Mixing Gnu and Unix Styles

The Gnu and the Unix option types can be mixed on the same commandline. The following are equivalent:

  app -a -b --with-c
  app -ab --with-c
  app -ba --with-c
  app --with-c -ab

X Toolkit Style

The X Toolkit style uses the single hyphen followed by a keyword option. This style is not compatible with the Unix or the Gnu option types. In most situations this is OK since these options will be filtered from the command line before passing them to an application.

’-’ and STDIN

It is convention that a bare hypen indicates to read from stdin.

The OptionParser Style

The CommandLine::OptionParser does not care what style you use. It is designed for maximum flexiblity so it may be used within any organiziation to meet their standards.

Multiple Option Names

OptionParser does not place restrictions on the number of options. The only restriction is that an option name begin with a hyphen ’-’. A definitely conjured example of this freedom is:

  :names => %w(
    --file --File --f --F -file -File -f -F
  )

Prefix Matching

Although not encouraged, some prefer the ability to truncate option words to their first unique match. For example, an application that support this style and accepts the following two option words:

 ["--foos", "--fbars"]

will accept any of the following as valid options

  app --fo
  app --foo
  app --foos

for the "—foos" option flag since it can be determined that "—fo" will only match "—foos" and not "—fbars".

Repeated Arguments

A common question is how an option parser should respond when an option is specified on the command line multiple times. This is true for mode flags, but especially true for options that require an argument, For example, what should happen when the following is given:

  app -f file1 -f file2

Should the parser flag this as an error or should it accept both arguments.

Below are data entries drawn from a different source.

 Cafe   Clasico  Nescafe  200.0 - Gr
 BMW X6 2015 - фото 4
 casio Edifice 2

OptionParser gives you the choice of whether it raises an exception when an option is seen more than once, or it just passes the data onto the user.

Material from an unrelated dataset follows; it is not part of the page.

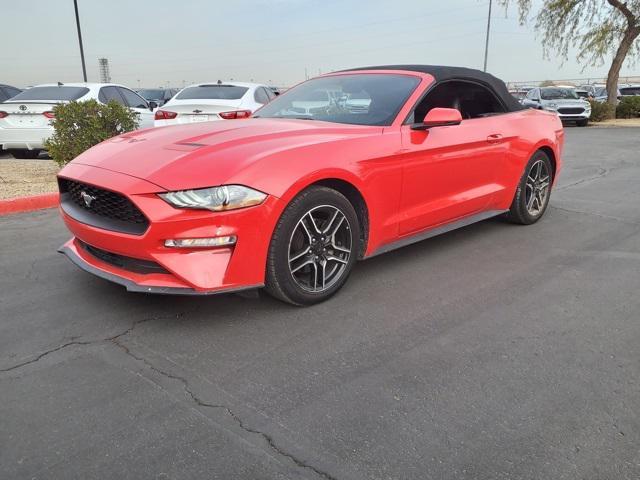 2018 Ford Mustang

How the data is handled is up to the user, but it typically boils down to either Append, Replace or Raise. This is described in more detail in the usage section.

CVS Mode

CVS is a common application with a unique command line structure. The cvs application commandline can be given options, but requires a command. This command can also be given options. This means that there are two sets of options, one set for the cvs application and one set for the cvs-command. Some example formats are:

  cvs [cvs-options]
  cvs [cvs-options] command [command-options-and-arguments]

  cvs -r update
  cvs -r update .
  cvs edit -p file

To handle this, the first unclaimed argument is treated as a command and the options and option-arguments that follow belong to that command. More on how this is handled in the usage section.

Option Grouping

A conflict can occur where a grouping of single letter Unix options has the value as a word option preceded by a single dash. For this reason, it is customary to use the double-dash notation for word options. Unless double-dashes are enforced for word options, OptionParser will check for possible name conflicts and raise an exception if it finds one.